Czy Microsoft podąży śladem MicroStrategy? Akcjonariusze i Bitcoin
„Trzymanie się przez Microsoft gotówki przy jednoczesnym odrzucaniu udowodnionego wzrostu wartości Bitcoina nie ma sensu. Przestań marnować rezerwy i kup BTC teraz!” – pisze Vivek Sen, brytyjski dziennikarz „Bitcoin Magazine”.
Sen przypomina, że historia firmy MicroStrategy, której założyciel Michael Saylor zawierzył Bitcoinowi, to najlepszy dowód na skuteczność tej strategii. W ciągu zaledwie czterech lat spółka przekształciła się z przedsiębiorstwa wartego miliard dolarów w korporację o kapitalizacji przekraczającej 100 miliardów. „Są najbardziej spektakularnym sukcesem w finansach korporacyjnych ostatnich lat. Ich akcje biją wyniki każdej amerykańskiej spółki, nawet NVIDIA” – zauważa Sen.
Microsoft natomiast pozostaje wierny tradycyjnym metodom. Kilka miesięcy temu ogłosił program wykupu akcji o wartości 60 miliardów dolarów, który – zdaniem Sena – nie przyniósł oczekiwanych rezultatów. „Wyobraź sobie, że te pieniądze zainwestowano w Bitcoin. Kapitalizacja Microsoftu mogłaby wzrosnąć o setki miliardów dolarów” – pisze.
Saylor nie odpuszcza – trzy minuty na przekonanie giganta
Michael Saylor, prezes MicroStrategy i promotor Bitcoina, zaproponował prywatne spotkanie z CEO Microsoftu, Satya Nadellą. Chciał wyjaśnić zalety strategii. Według Viveka Sena, Nadella odrzucił tę propozycję, co „pozostawia firmę w finansowym zacofaniu”. Saylor jednak się nie poddaje. Podczas grudniowego spotkania akcjonariuszy przedstawi 3-minutową prezentację na temat Bitcoina.

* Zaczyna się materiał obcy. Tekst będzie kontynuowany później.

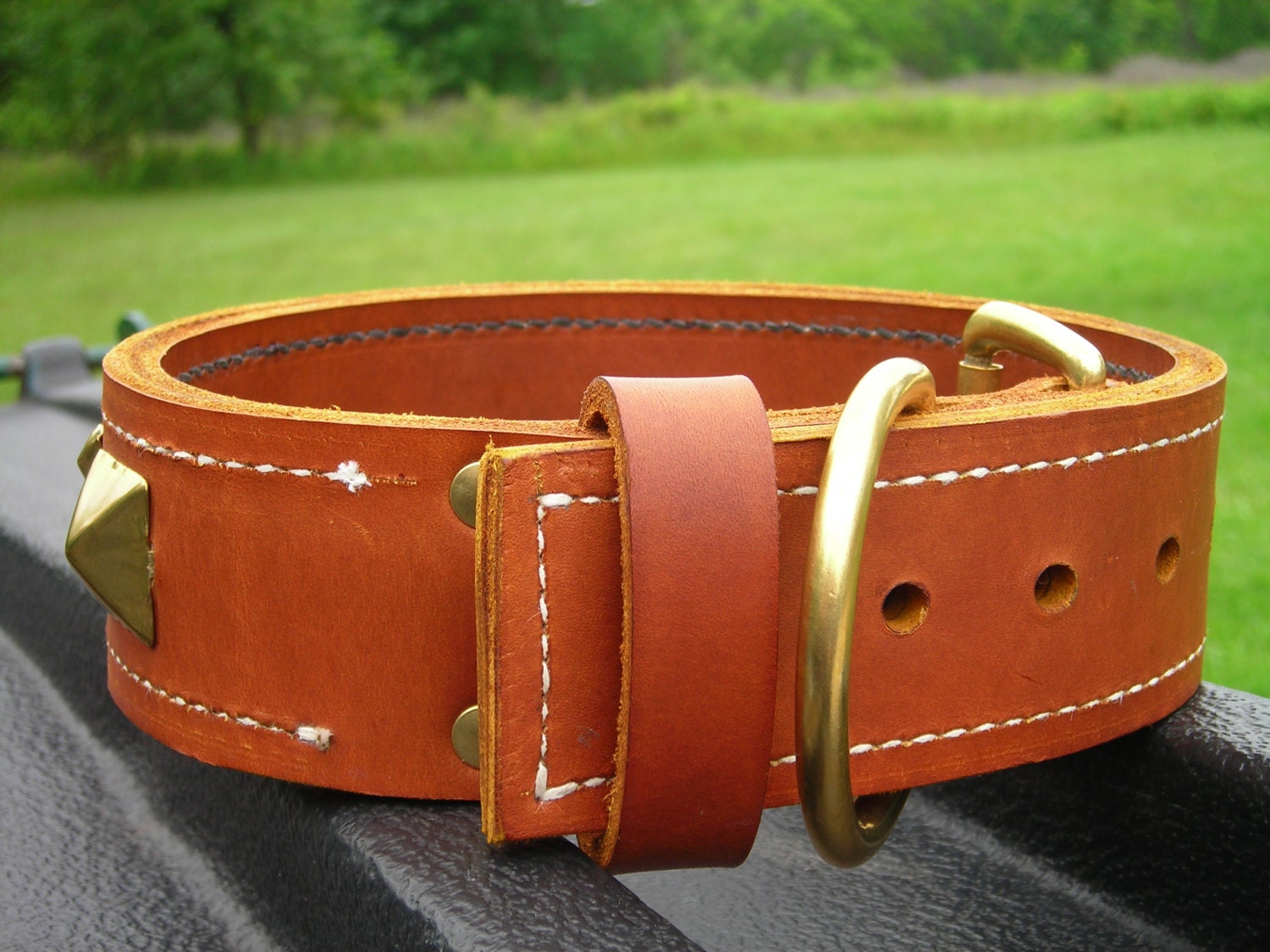 Light Brown Leather Dog Collar with Small and Large Brass Etsy.de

„Nie ma długoterminowego sensu w trzymaniu gotówki” – podkreśla Sen. „Nawet niewielka alokacja w wysokości pięciu miliardów dolarów mogłaby dodać dziesiątki miliardów do kapitalizacji rynkowej Microsoftu” – pisze.
Microsoft ma szansę dołączyć do globalnego trendu adopcji Bitcoina jako cyfrowego złota. Jak zauważa Sen, akcjonariusze firmy „błagają, aby wreszcie dostrzec jego potencjał”.
„Wybór jest prosty – albo gromadź topniejące dolary, albo postaw na nieocenzurowane cyfrowe złoto” – apeluje Sen. Czy Microsoft zaryzykuje i podejmie decyzję, która może zdefiniować przyszłość technologicznego giganta? Przekonamy się już w grudniu.